Ahuna -- in early middle age, to judge from the album photos -- carries on the older styles of Hawaiian music, like all traditional musics in danger of being eclipsed by the disposable pop concoctions that pound out of radio stations and inescapably into ears, willing or otherwise, everywhere. Bridge Between Generations is her sixth album and the first I've heard. It is exquisite and perfect, just one glorious song after another, sung mostly in the Hawaiian language (which, I learned, Ahuna does not actually speak). She plays 12-string rhythm guitar in front of a small string band, which includes her husband and co-producer J. J. Ahuna along with other island musicians well versed in native sounds.
I was introduced to traditional Hawaiian music three decades ago, when I heard the late Gabby Pahinui's classic Gabby (1972) on a small island-based label. The master of slack-key guitar, Pahinui was sort of the Robert Johnson or Lead Belly of Hawaiian folk. The liner notes provided no English words to the songs, but even so, I knew instinctively that they were deeply romantic celebrations in which natural landscape was the true subject even if the lyrics voiced, if only ostensibly, man-woman love sentiments. Later, when I read translations, it turned out that I was right. I wasn't right because of any particular wisdom or psychic insight; it's just that the music itself is so richly expressive that it communicates plainly and eloquently on its own level. The liner booklet with Ahuna's record gives us the English words, but you needn't consult them if you aren't so inclined. Her singing and the band's playing are their own language.
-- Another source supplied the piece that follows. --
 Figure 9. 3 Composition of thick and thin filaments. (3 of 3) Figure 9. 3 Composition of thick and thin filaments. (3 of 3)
Every cut is a treasure, but it is likely that the first one to jump out at you will be the medley "Blue Hawaii/Sweet Leilani." Practically everybody has heard Elvis's version of the former, written originally for the 1937 Bing Crosby film Waikiki Wedding, but known to those of us who weren't around then as the title song of a really dumb Elvis movie. ("Really dumb Elvis movie" is an exercise in repetition if ever there was one). Yet Ahuna sings it not as a kitschy pop song but as a Hawaiian song, and you will quickly forget that you ever heard it any other way.
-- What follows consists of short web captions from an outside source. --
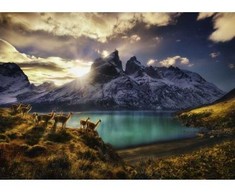 Dėlionė Heye Puzzle, 1000 dalys. Chile, lamy Guanaki (GXP-636856)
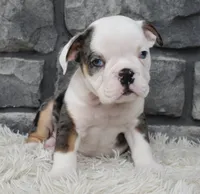Max, a male English Bulldog and Beagle for sale in Berlin, OH – 2 of 3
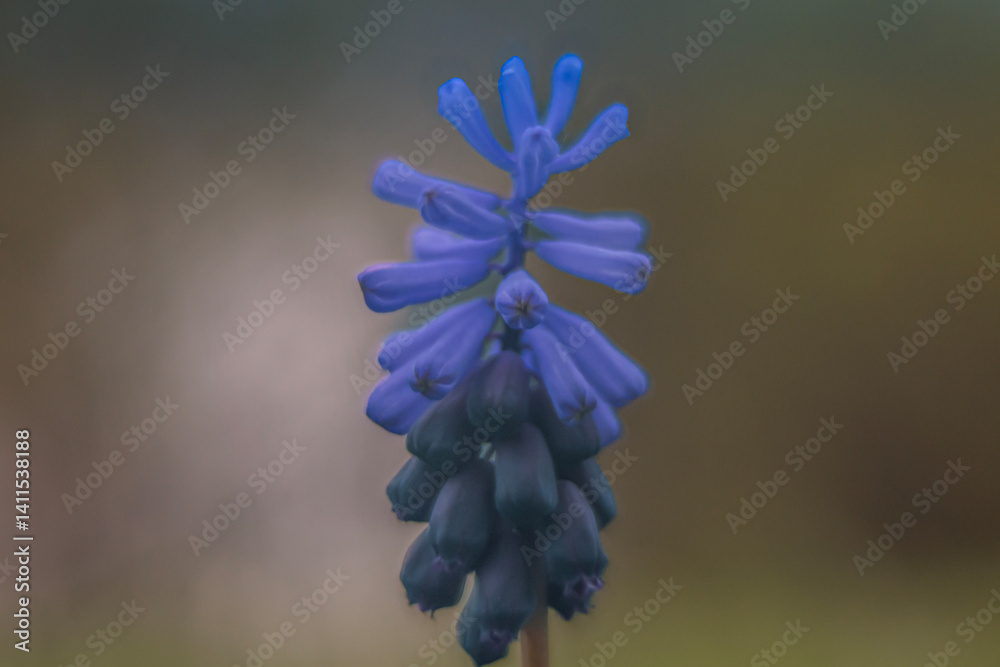 Spring flowers in macro photos.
Another gem is "Kalama'ula" which, like so much of Hawaii's roots music, feels as much like reverie as performance. Ahuna's vocal caresses the lyric, which floats sensuously over Ken Emerson's acoustic steel guitar. Translated, the first verse goes, "It is truly real and alluring in the beauty of Kalama'ula."
It is truly real and alluring, the beauty of Darlene Ahuna's music. If I'm really lucky, I'll hear a more beautiful record this year, but I'm not counting on it. And if not, I'll have this one -- and, I hope, other Ahuna records -- to carry me through.